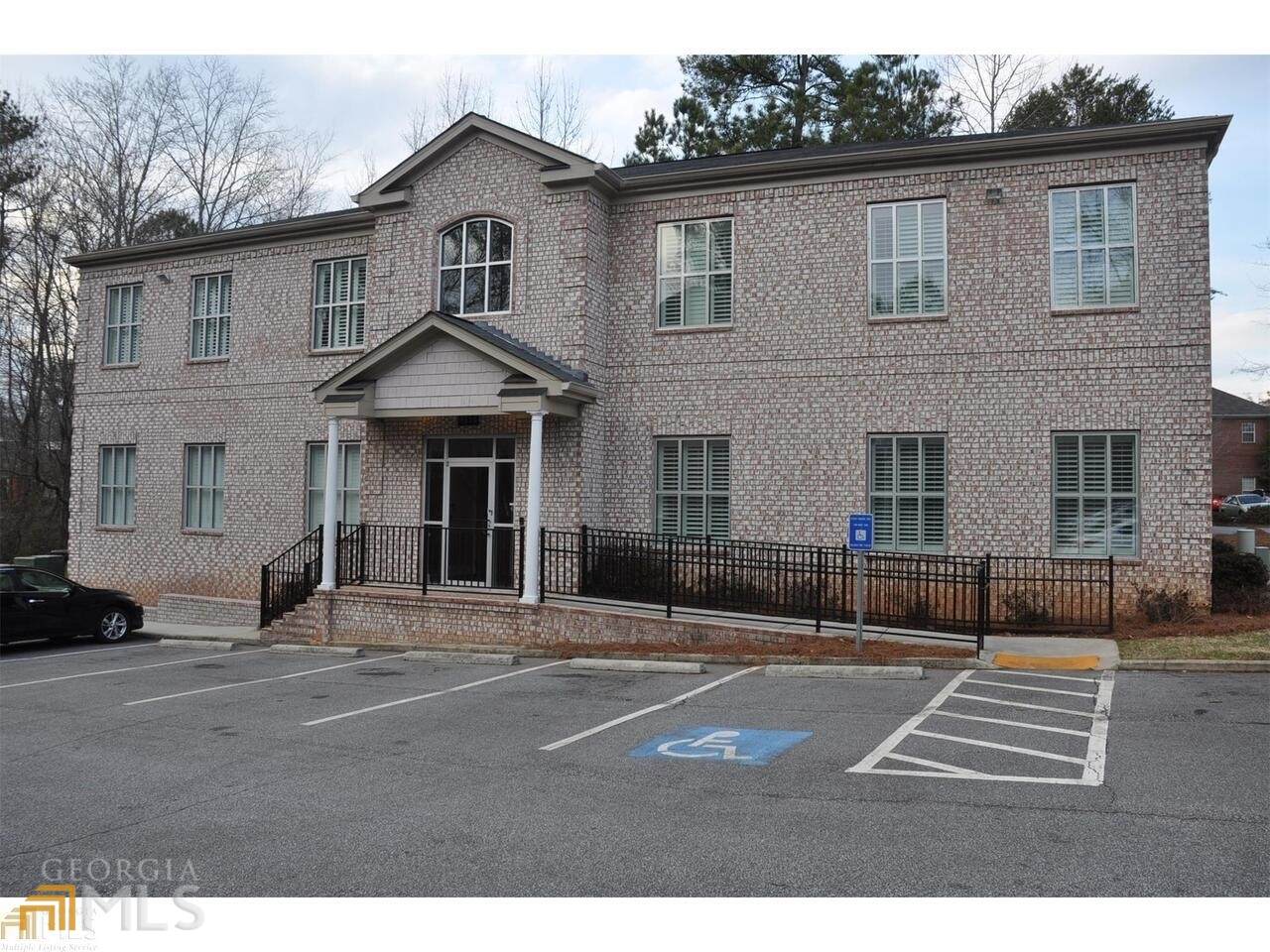 4652 Lawrenceville Highway - Photo 1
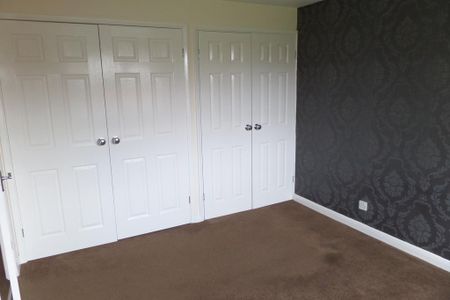 2 bedroom detached bungalow to rent - Photo 4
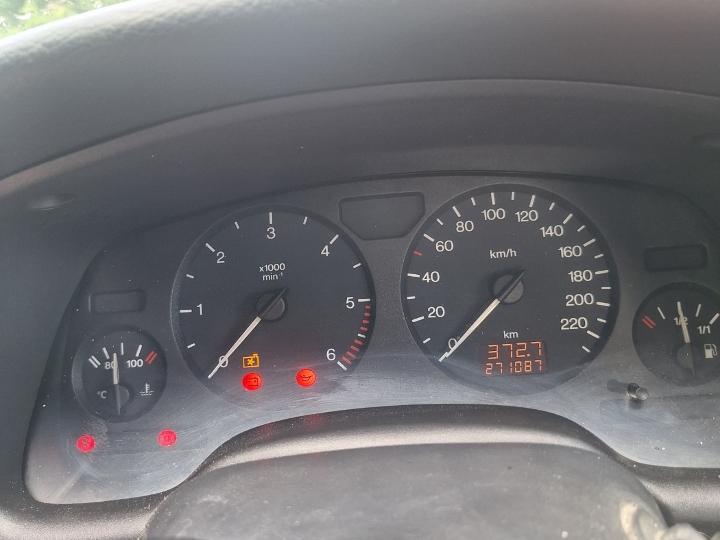 Opel Astra karavan 2.0 DTI – 700 €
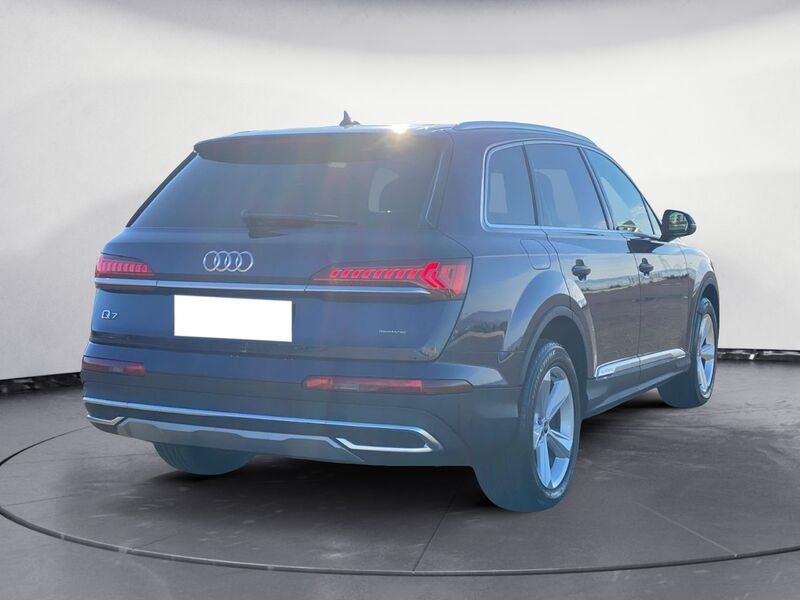 Audi Q7 2021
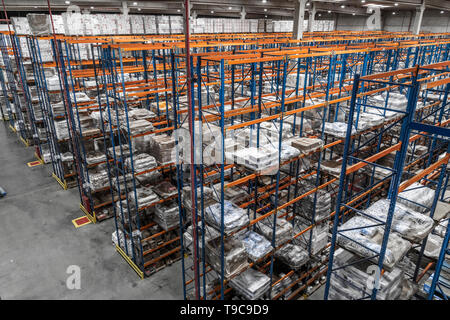 Les boîtes de distribution logistique remise et les travailleurs et à l'opération du chariot élévateur Banque D'Images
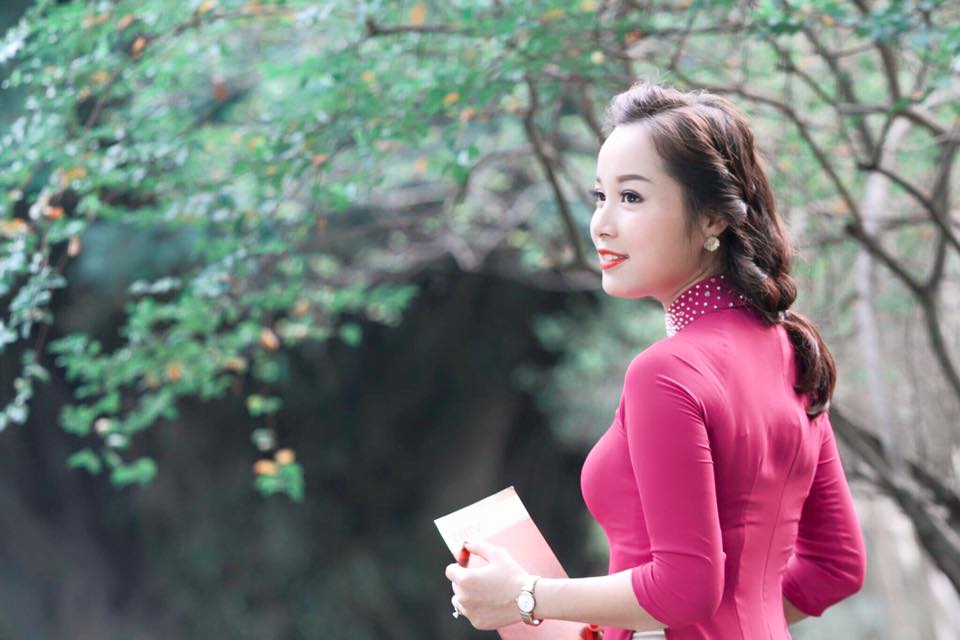Minh Hương “Luôn có những bông hoa dành cho những người muốn nhìn thấy chúng'.
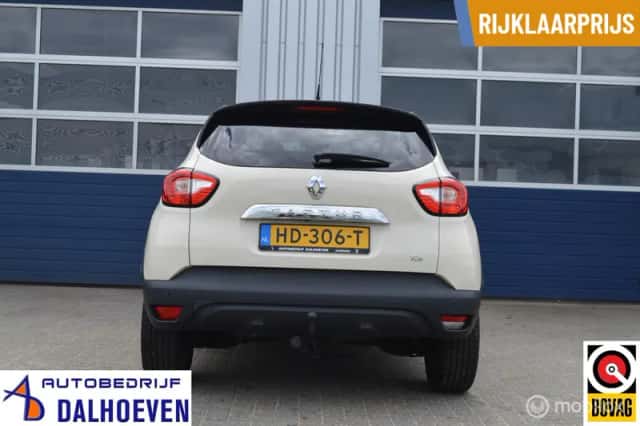 Renault Captur (2015) thumbnail 2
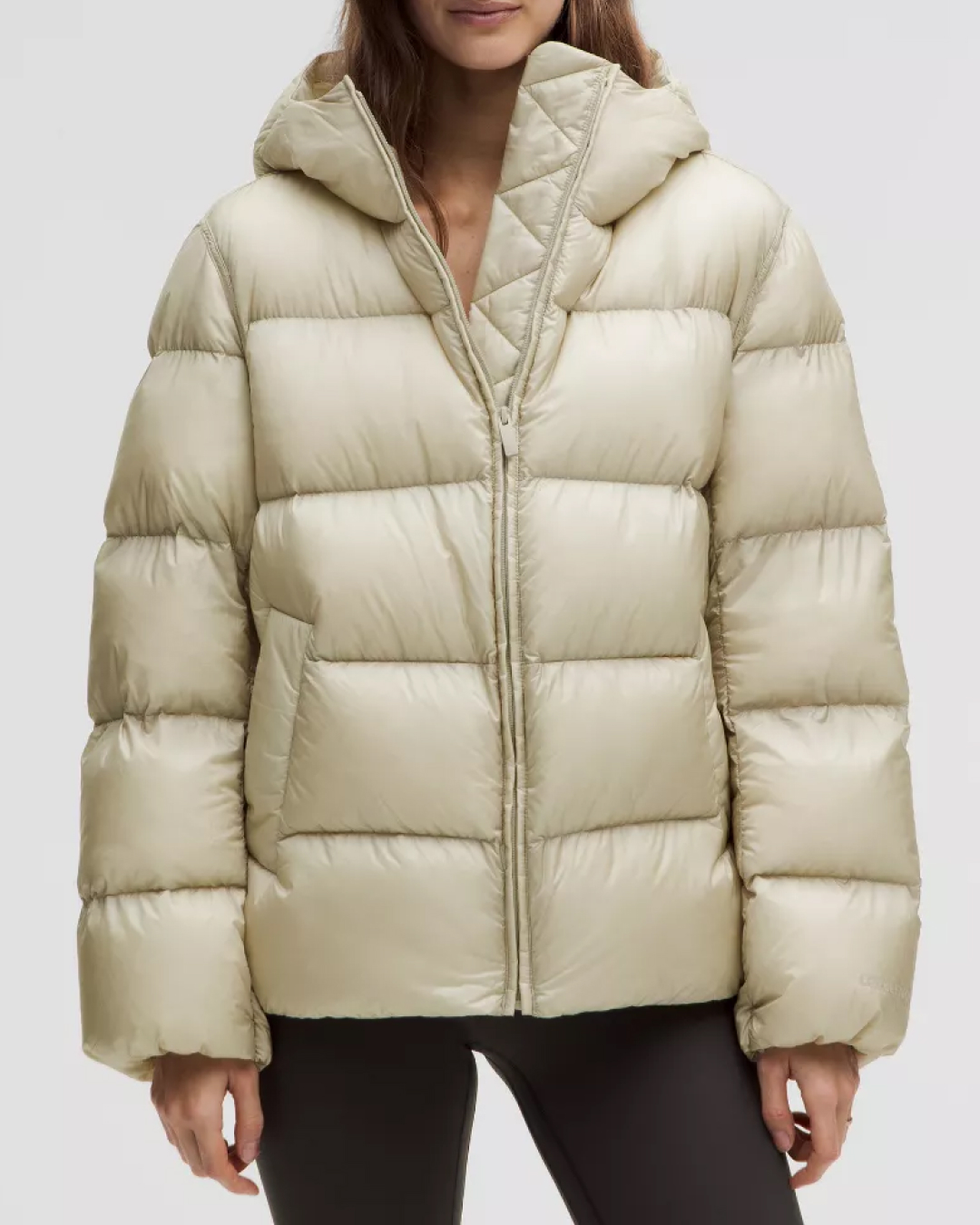 블랙패딩만 입기엔 아쉬울 때🤍
무난하게 입기 좋은 올겨울 패딩 2가지☃️❄️

겨울에 입기 좋은 패딩, 지금 소개해드릴게요.

1. 스노우피크 에어노바 리버시블 헤비 다운, 30만 원대
덕다운을 사용한 리버시블 헤비 다운으로 양면으로 착용할 수 있어 활용도가 높은 디자인입니다. 박규영은 브라운 팬츠와 매치해 편안한 데일리룩을 연출했습니다.

2. 에이바이퍼 페더웨이트 900 다운 푸퍼 재킷, 60만 원대
경량 푸퍼 재킷으로, 뛰어난 보온성과 가벼운 착용감이 특징입니다. 미연은 블랙 탑과 데님 부츠컷 팬츠를 매치해 캐주얼한 데일리룩을 연출했습니다. 이미지8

## Work item
Output only the stretch above from the line with "Les boîtes de" through the line with "2. 에이바이퍼 페더웨이트 900 다운 푸퍼 재킷, 60만 원대", reproduced exactly. Exclude pictures.

## Solution below
 Les boîtes de distribution logistique remise et les travailleurs et à l'opération du chariot élévateur Banque D'Images
Minh Hương “Luôn có những bông hoa dành cho những người muốn nhìn thấy chúng'.
 Renault Captur (2015) thumbnail 2
 블랙패딩만 입기엔 아쉬울 때🤍
무난하게 입기 좋은 올겨울 패딩 2가지☃️❄️

겨울에 입기 좋은 패딩, 지금 소개해드릴게요.

1. 스노우피크 에어노바 리버시블 헤비 다운, 30만 원대
덕다운을 사용한 리버시블 헤비 다운으로 양면으로 착용할 수 있어 활용도가 높은 디자인입니다. 박규영은 브라운 팬츠와 매치해 편안한 데일리룩을 연출했습니다.

2. 에이바이퍼 페더웨이트 900 다운 푸퍼 재킷, 60만 원대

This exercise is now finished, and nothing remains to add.